The different parts of a Java web application need to be able access the same data objects. For instance, a product catalog object a listener creates at application start must be accessible by a servlet that processes a user query against the catalog, and the result of the query must be available to the JSP page that renders the response showing the result.

The Servlet API includes methods for managing this type of data as attributes of the objects representing the application, the user session, and the request, defined by these classes, respectively: javax.servlet.ServletContext, javax.servlet.http.HttpSession, and javax.servlet.ServletRequest.

All three classes contain these methods for managing the attributes:

public void setAttribute(String name, Object value);
public Object getAttribute(String name);
public void removeAttribute(String name);

In the product catalog example, the listener uses the setAttribute() method on the ServletContext to make the catalog available to the servlet, and the servlet uses the getAttribute( ) method to obtain it. To make the query result available to the JSP page, the servlet calls the setAttribute( ) method of either the HttpSession or the ServletRequest object (depending on how long the result must be available).

The JSP specification refers to these three attribute collections as different scopes: the application, session, and request scope. It also adds a collection of attributes available only to objects within the same JSP page during the processing of a request. It calls this the page scope. Figure 4-11 shows the lifetime and visibility of objects in the different scopes.

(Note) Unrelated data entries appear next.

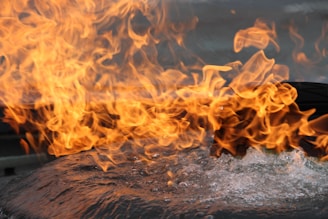 A serene close-up of contrasting natural elements like fire and water blending together.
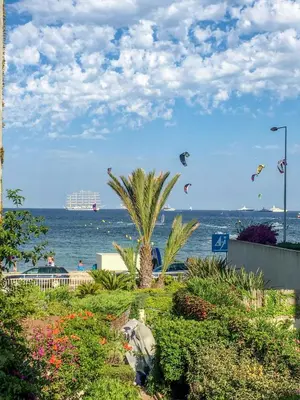 a beach with kites flying over the ocean at Cannes - Beachfront with private garden - Palm Beach Croisette in Cannes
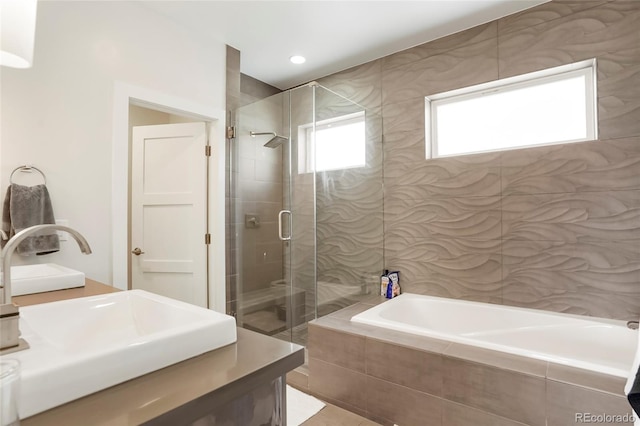 bathroom featuring vanity and shower with separate bathtub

Figure 4-11. Lifetime and visibility of objects in different scopes
figs/Jsf_0411.gif

The JSP EL provides implicit variables that represent the scopes as java.util.Map instances, as shown in Table 4-5. Assuming the servlet in the product catalog example saves the query result as a bean with properties named rowCount and rows in a request attribute named result, the JSP page can access and use the data like this (using JSTL core actions):

<c:if test="${requestScope.result.rowCount == 0}">

  Sorry, not products match your criteria

</c:if>

<c:if test="${requestScope.result.rowCount != 0}">

  These products were found:

  <ul>

    <c:forEach items="${requestScope.result.rows}" var="row">

      <li>${pageScope.row.prodName}</li>

    </c:forEach>

  </ul>

</c:if>

EL expressions actually look for attributes in all scopes if no scope is specified, in the order page, request, session, and application, so the example can be simplified like this:

<c:if test="${result.rowCount == 0}">

  Sorry, not products match your criteria

</c:if>

<c:if test="${result.rowCount != 0}">

  These products were found:

  <ul>

    <c:forEach items="${result.rows}" var="row">

      <li>${row.prodName}</li>

    </c:forEach>

  </ul>

</c:if>

This concludes our tour through HTTP, servlets, and JSP. While we've barely scratched the surface of these technologies, we have covered the most important aspects that you must be aware of in order to use JSF. If all of this is new, you may want to return to this chapter to refresh your memory when the other chapters rely on an understanding of what's covered here.